I’m aware of this. Let me explain what I think is going on. If the backup is run for the second time in the day the LAST is evaluated to be the previous backup ran first in the day. SO the difference actually is the first backup is using the .snar files from previous day while the second is using the .snar from the same day (earlier backup the same day). That is why I wanted you to compare what is inside the snar files. While the .snar file is a snapshot of the archived files metadata my guess is something will have to differ in the metadata. My assumption is the ‘non-incremental’ backup is actually incremental but tar has some reason to thing everything changed. Could you please share e.g. mongo.snar from Sunday and Monday(or Tue) and 2nd Monday(or Tue) backup?

Thanks for the stats.

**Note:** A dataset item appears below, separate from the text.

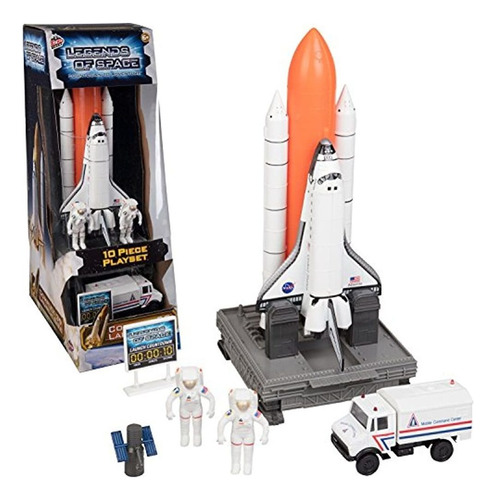 Space Shuttle Y Toy Rocket Ship Set - 10 Piezas Complejo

It looks okay, no unexpected things there. Now we should look inside the .snars.

Would you want to try to patch your foreman-maintain and add the --no-check-device switch to see if that makes any difference. I can prepare it for you.

Regards,
Martin


#38

Hi,
You are absolutely correct.

Even I find the same root cause for not happening incremental backups.

I also wanted to create a script that takes backup using “tar” utility (not foreman-maintain)
but then there are lot of files to consider for backup, and even if a single file is missed, then restoration will be a problem, so i omitted this thought.

Further I have attached mongo.snar files, please have a look
sunday_mongo.snar <= for sunday (full backup through cron)
monday_mongo.snar <= for monday (should be incremental, but it is full)
wednesday_first_mongo.snar <= for wednesday (should be incremental, but it is full)
wednesday_second_mongo.snar <= incremental

Let me know if anything else is required.

Thanks
Farista Singh


#39

mongo-snar.tar (20 KB)


#40

Sure Martin, lets go ahead with that.

Thanks
Farista Singh